Up to a point. You see, the other thoroughly unsatisfactory consequence of the way what happened to that long list of failed banks was handled is that no one was held accountable.

Some executives and directors lost their jobs, it's true, but they left with enormous pensions and many subsequently grabbed new roles with indecent haste.

Now, yesterday Jesse Norman, the Conservative MP, read out several very bullish statements made by the Co-op in its annual report, and also highlighted an interview given by group chairman Len Wardle, which suggested that all was rosy in the bank's garden during Co-op Bank's failed attempt to take over Verde (now TSB) from Lloyds.

Was a false market created in the bank's bonds as a result? It's certainly a question people who invested in those bonds have a right to ask.

Neville Richardson, the former chief executive of the bank, has testified that Andrew Bailey, now head of the Prudential Regulation Authority, had twice contacted Co-op to raise concerns about Co-op Bank's capital before Mr Wardle's interview.

Of course, Mr Richardson has his own agenda. He wants us to believe he was on the side of the angels and that there were not problems with the loan book of Britannia Building Society (which he brought to the Co-op when the two merged) while he was in charge. It has been identified as a major contributor to Co-op Bank's woes.

Really, the only thing that is completely clear about this story is that it is getting murkier by the day.

As the bank prepares to list on the London Stock Exchange, some clarity is urgently required.

I spoke to Martin Wheatley just before the launch of the Financial Conduct Authority and was impressed. He said all the right things, and he pointed to some notable incidents yesterday where the FCA has proved willing to intervene and where its predecessor, the Financial Services Authority, might have sat on its hands.

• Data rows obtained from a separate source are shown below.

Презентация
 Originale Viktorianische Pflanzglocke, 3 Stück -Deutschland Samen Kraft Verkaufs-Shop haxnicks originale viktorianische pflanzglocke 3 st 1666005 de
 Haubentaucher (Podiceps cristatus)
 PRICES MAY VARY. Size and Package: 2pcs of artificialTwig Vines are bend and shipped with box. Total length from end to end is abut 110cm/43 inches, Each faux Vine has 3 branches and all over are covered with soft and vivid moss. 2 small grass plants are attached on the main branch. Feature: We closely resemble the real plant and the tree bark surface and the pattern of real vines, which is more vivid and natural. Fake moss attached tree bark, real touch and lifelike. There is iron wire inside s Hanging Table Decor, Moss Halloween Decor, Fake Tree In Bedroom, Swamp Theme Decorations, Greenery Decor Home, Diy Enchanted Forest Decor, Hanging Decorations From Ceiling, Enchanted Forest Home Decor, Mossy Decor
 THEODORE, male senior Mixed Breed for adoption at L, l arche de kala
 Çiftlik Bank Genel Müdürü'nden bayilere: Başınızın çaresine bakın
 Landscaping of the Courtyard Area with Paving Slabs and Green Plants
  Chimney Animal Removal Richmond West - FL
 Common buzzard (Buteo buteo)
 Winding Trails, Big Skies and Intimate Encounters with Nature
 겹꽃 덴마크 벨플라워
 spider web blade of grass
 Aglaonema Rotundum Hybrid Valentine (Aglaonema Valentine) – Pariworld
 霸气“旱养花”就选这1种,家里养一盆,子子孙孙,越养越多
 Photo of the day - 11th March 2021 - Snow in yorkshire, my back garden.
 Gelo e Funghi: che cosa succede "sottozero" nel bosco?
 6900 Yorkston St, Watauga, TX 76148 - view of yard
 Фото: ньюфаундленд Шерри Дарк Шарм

However, while he said the FCA would investigate events at Co-op if there were sufficient grounds to do so, and that he would take seriously points raised by Mr Norman, he really needs to do more than that.

There should be no equivocation. Given the mounting controversy, this is one occasion where the FCA should clarify its position with regard to an investigation. Because the credibility of Britain's regulatory system is again at stake.